» **Input**
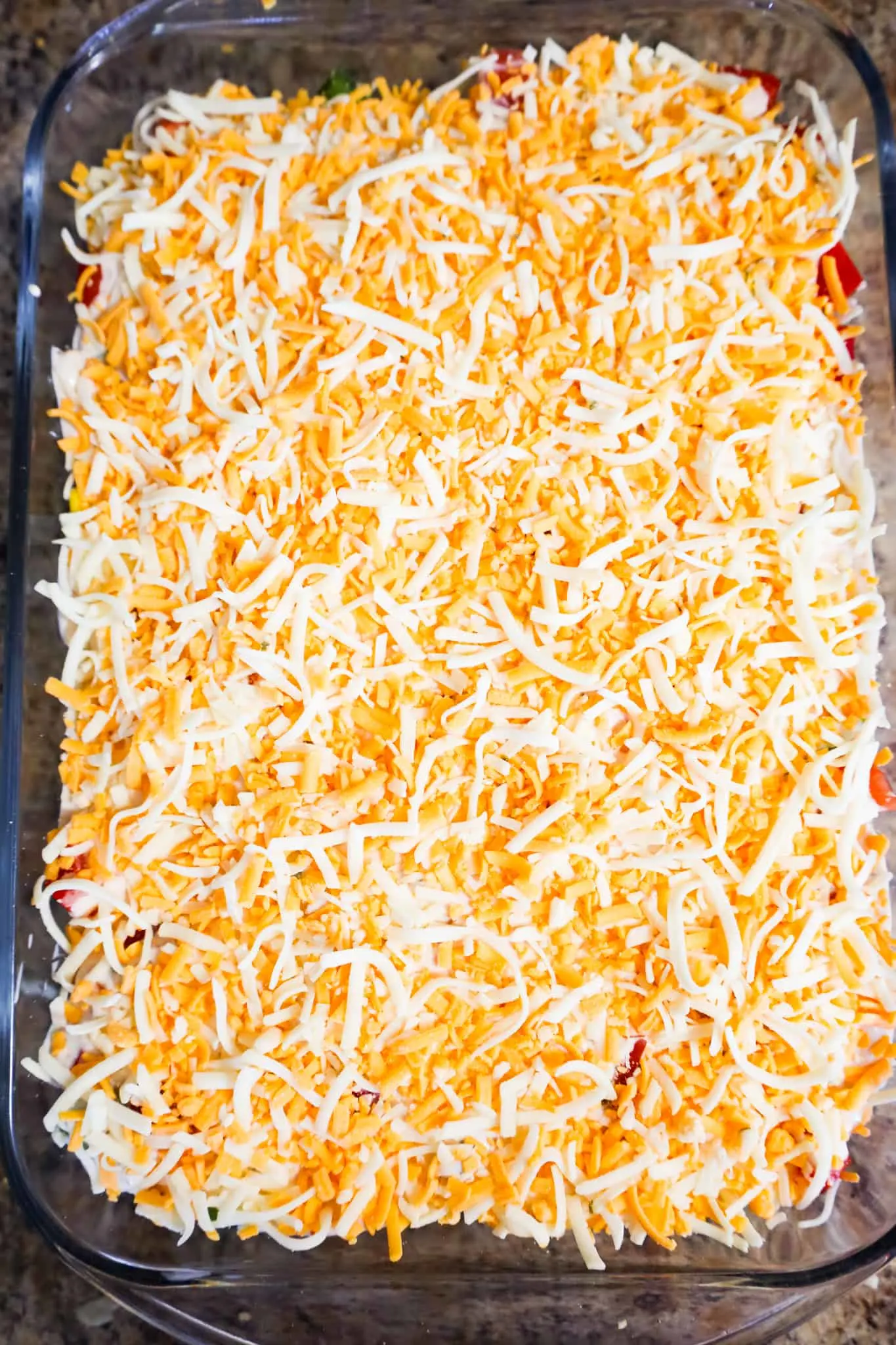 shredded cheese on top of cornbread salad in a baking dish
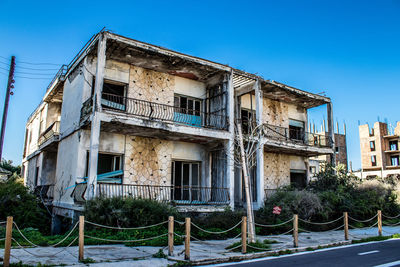 Low angle view of old building against clear blue sky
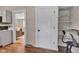 View from kitchen into living room and pantry with built-in shelving at 6741 Evanston Ave, Indianapolis, IN 46220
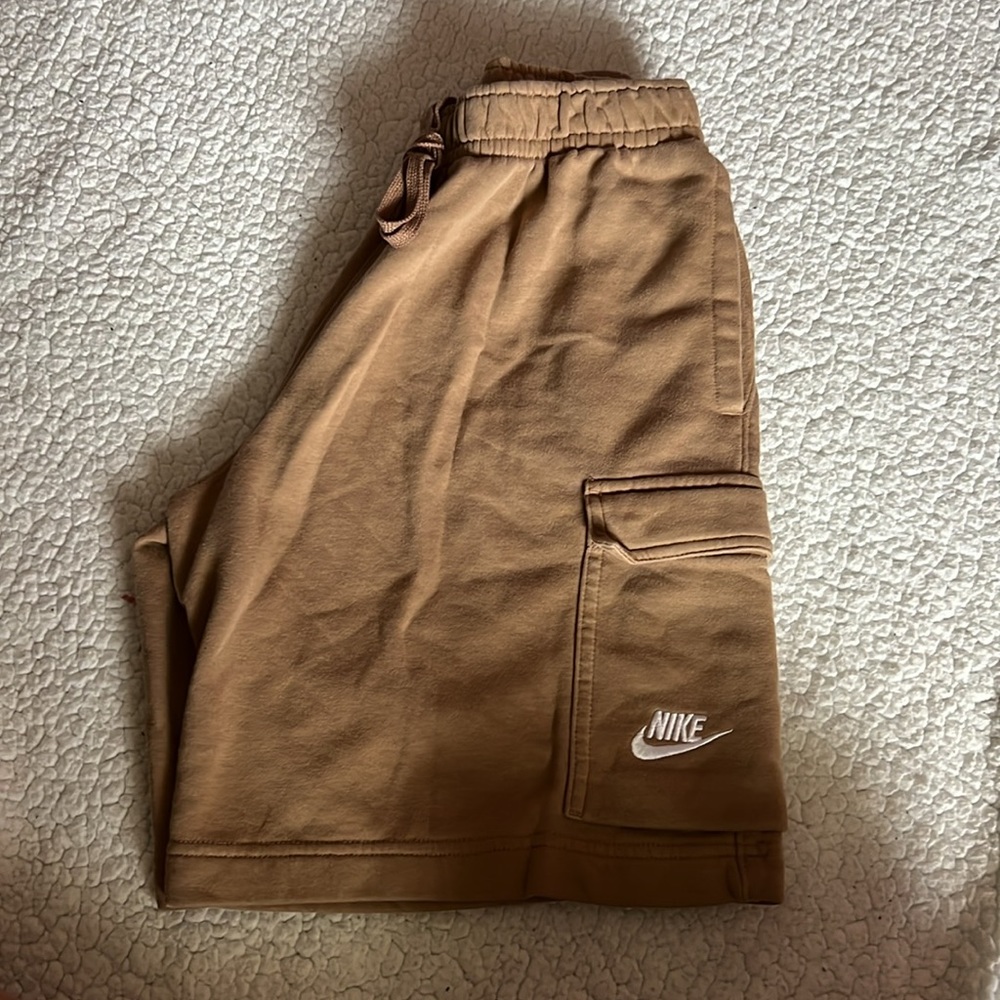 Nike tan colored shorts for men and women, they are a bit cargo, have been used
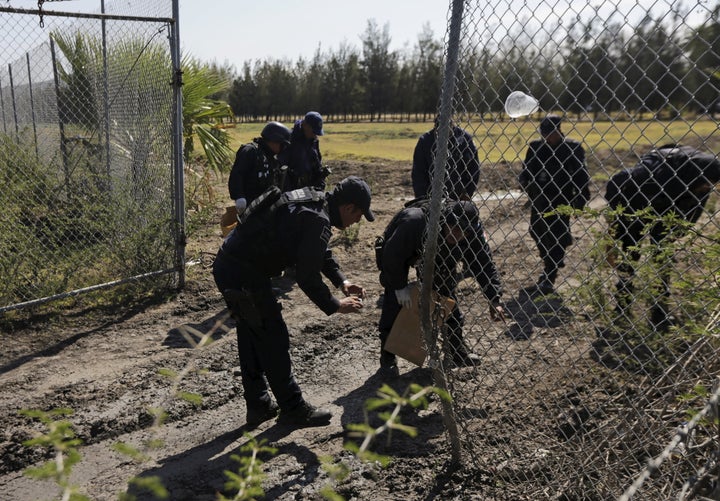 Police officers collect evidence at the ranch. The Jalisco New Generation Cartel hit security forces hard in the weeks before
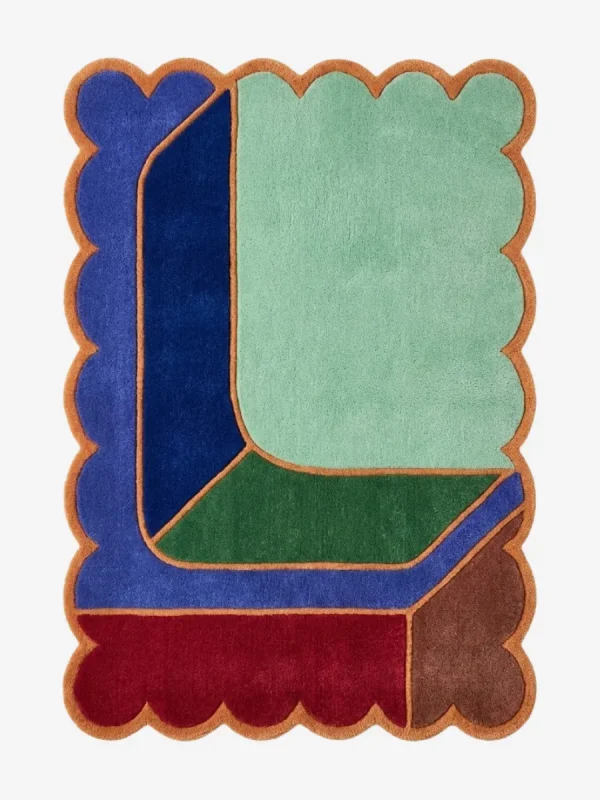 Top down view of the Soft Lagoon rug featuring a calming teal green wool background with a delicate geometric grid pattern and custom scalloped edges.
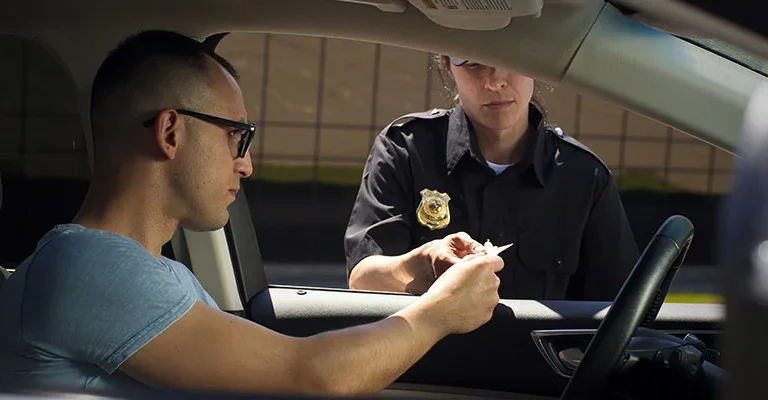 Driver handing license to police officer during a traffic stop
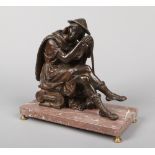 A 19th century French patinated bronze sculpture of a Shepherd. Resting against his crook and seated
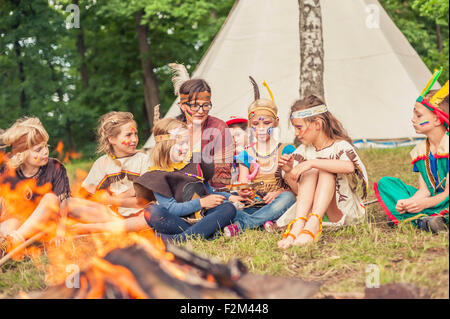 Deutschland, Sachsen, Indianer und Cowboy Party, Kinder sitzen am Lagerfeuer Stockfoto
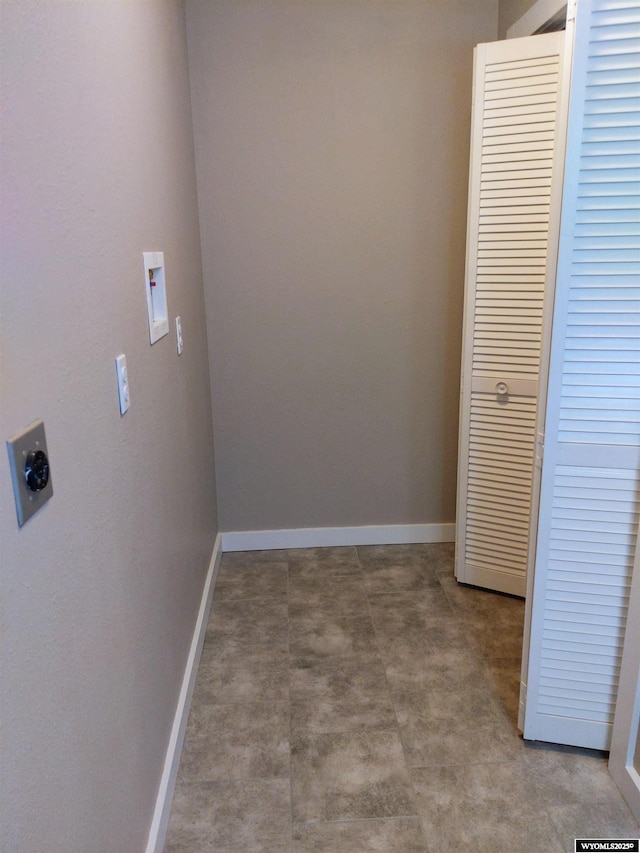 clothes washing area featuring hookup for an electric dryer and baseboards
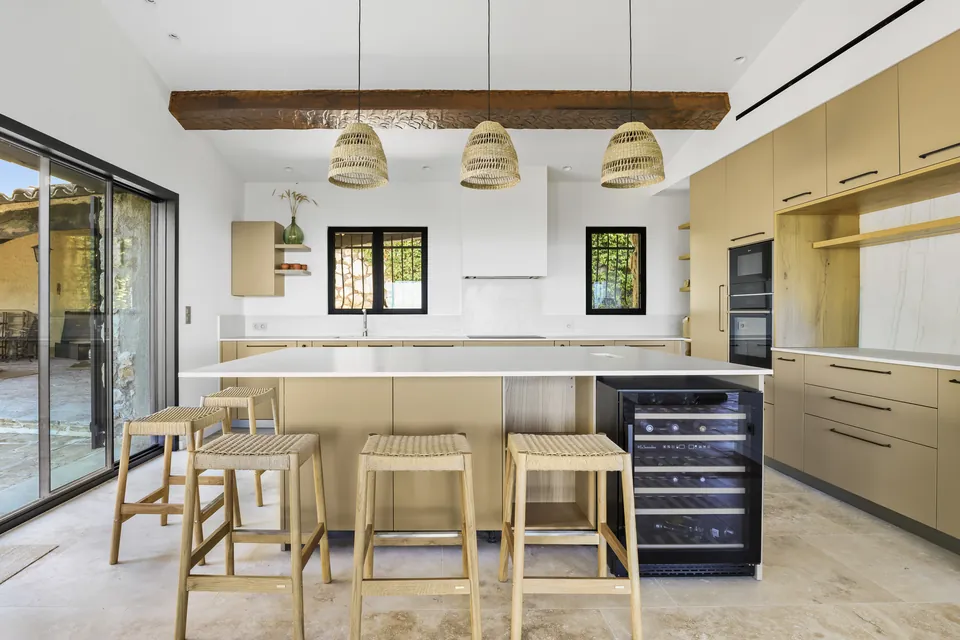 Villa Sola — The kitchen beneath the exposed beams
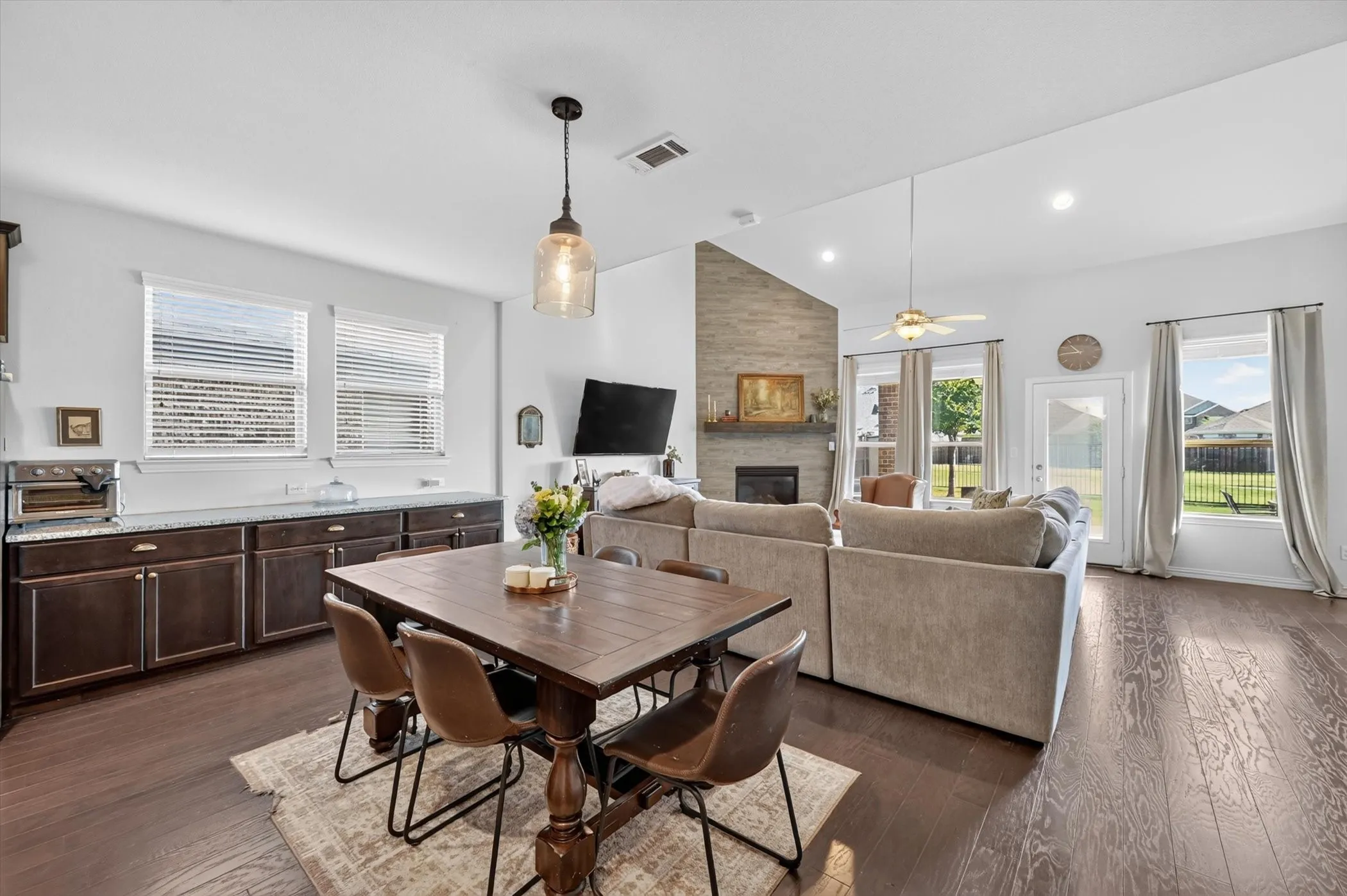 Open-concept living area featuring rich wood-finish flooring and a vaulted ceiling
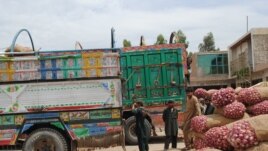 Truckers and their assistants wait in Jalalabad's heat as produce is loaded onto trucks headed across the border into Pakistan, May 16, 2012. (Bethany Matta/VOA)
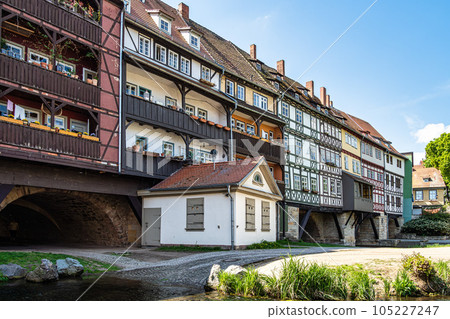 Merchants Bridge, Kraemerbruecke in Erfurt, Germany. It is built over entirely with houses Merchants Bridge, Kraemerbruecke in Erfurt, Germany. It is built over entirely with houses 105227247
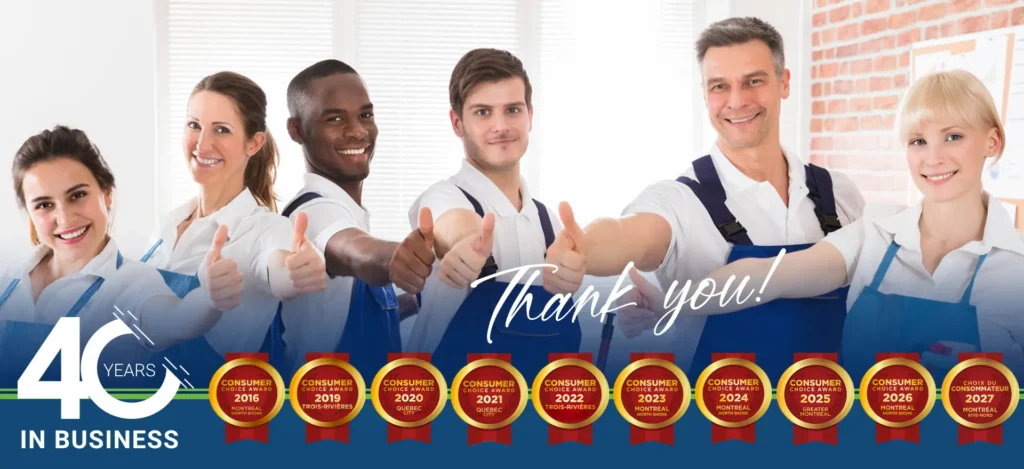 40 years in business proud employees giving a thumbs-up. 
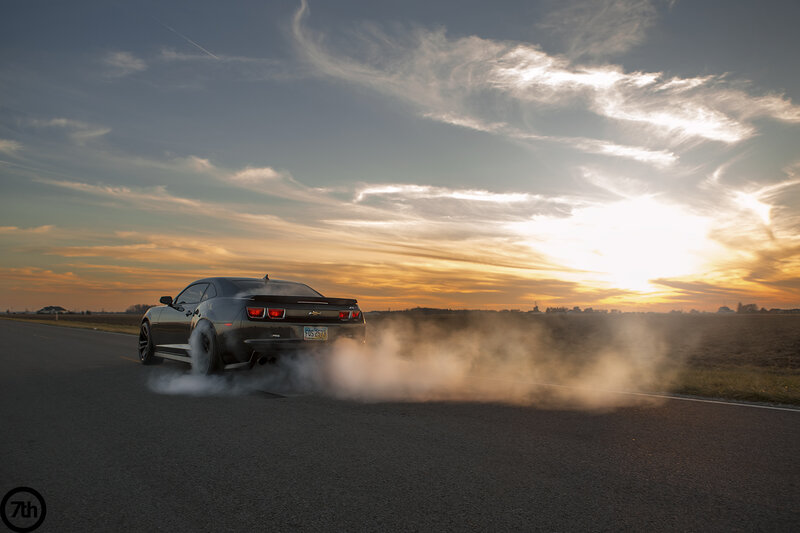 Black Car Burning Tire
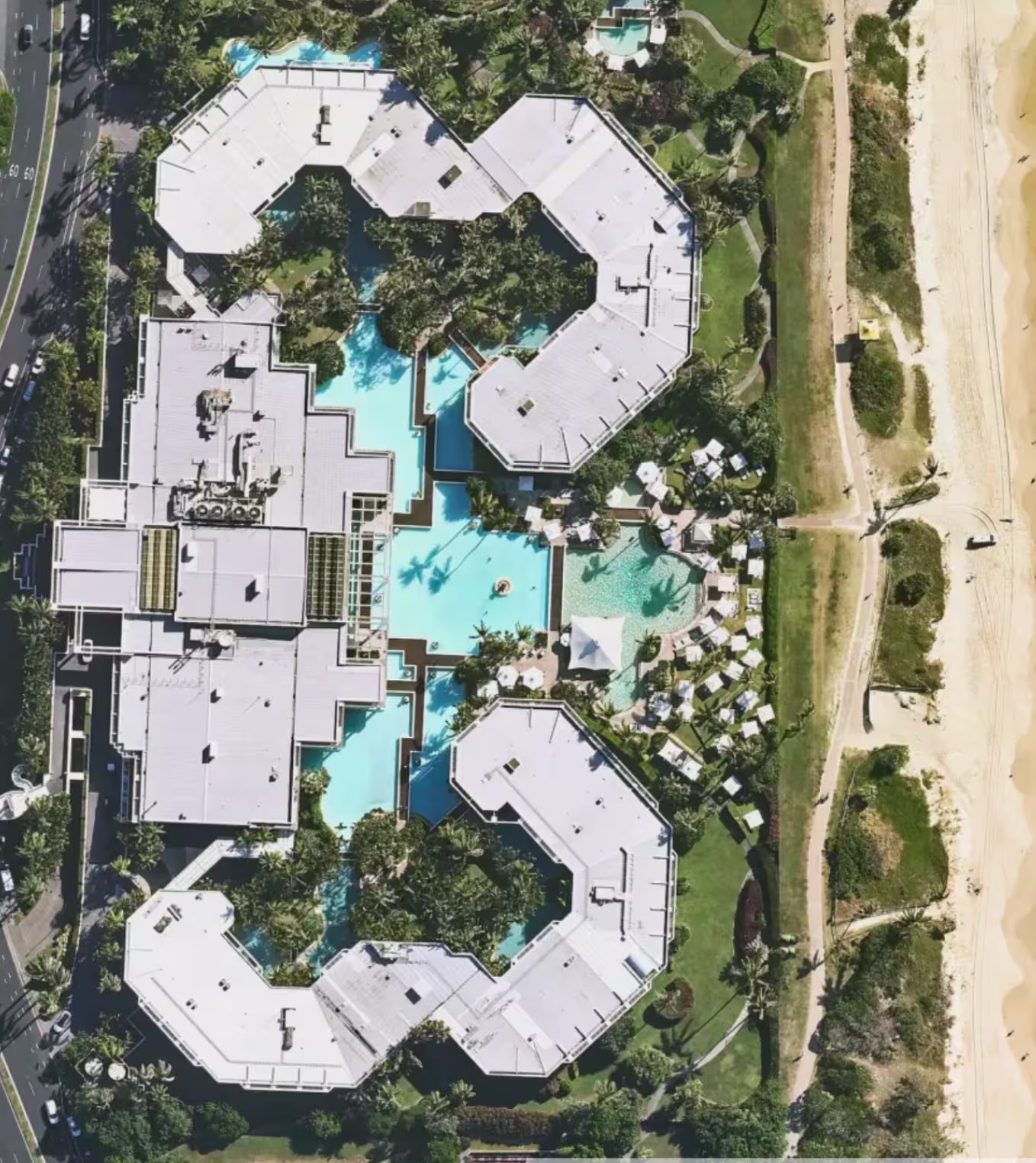 Aerial view of a resort with pools, white-roofed buildings, palm trees, and beach on the right side.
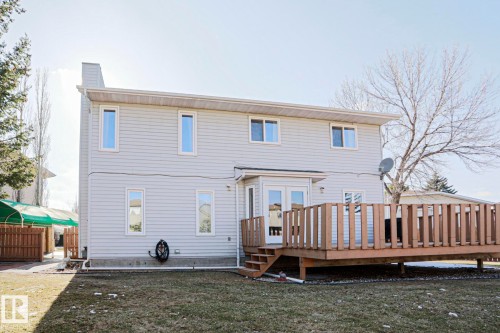 Rear exterior featuring light-colored siding, a multi-level wood deck, and a grass lawn - 2433 89 Street, Edmonton, AB - Outdoor With Deck Patio Veranda With Exterior
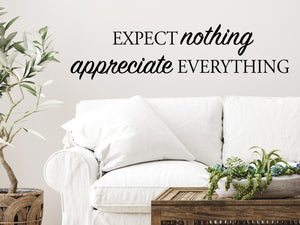 Living room wall decals that say ‘Expect Nothing Appreciate Everything’ in a script font on a living room wall.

» **About this task**
Nothing but the lines from the top of the data above through the line containing "Aerial view of" should be output, exactly as written and without the pictures.

» **Exercise response**
 shredded cheese on top of cornbread salad in a baking dish
 Low angle view of old building against clear blue sky
 View from kitchen into living room and pantry with built-in shelving at 6741 Evanston Ave, Indianapolis, IN 46220
 Nike tan colored shorts for men and women, they are a bit cargo, have been used
 Police officers collect evidence at the ranch. The Jalisco New Generation Cartel hit security forces hard in the weeks before
 Top down view of the Soft Lagoon rug featuring a calming teal green wool background with a delicate geometric grid pattern and custom scalloped edges.
 Driver handing license to police officer during a traffic stop
 A 19th century French patinated bronze sculpture of a Shepherd. Resting against his crook and seated
 Deutschland, Sachsen, Indianer und Cowboy Party, Kinder sitzen am Lagerfeuer Stockfoto
 clothes washing area featuring hookup for an electric dryer and baseboards
 Villa Sola — The kitchen beneath the exposed beams
 Open-concept living area featuring rich wood-finish flooring and a vaulted ceiling
 Truckers and their assistants wait in Jalalabad's heat as produce is loaded onto trucks headed across the border into Pakistan, May 16, 2012. (Bethany Matta/VOA)
 Merchants Bridge, Kraemerbruecke in Erfurt, Germany. It is built over entirely with houses Merchants Bridge, Kraemerbruecke in Erfurt, Germany. It is built over entirely with houses 105227247
 40 years in business proud employees giving a thumbs-up. 
 Black Car Burning Tire
 Aerial view of a resort with pools, white-roofed buildings, palm trees, and beach on the right side.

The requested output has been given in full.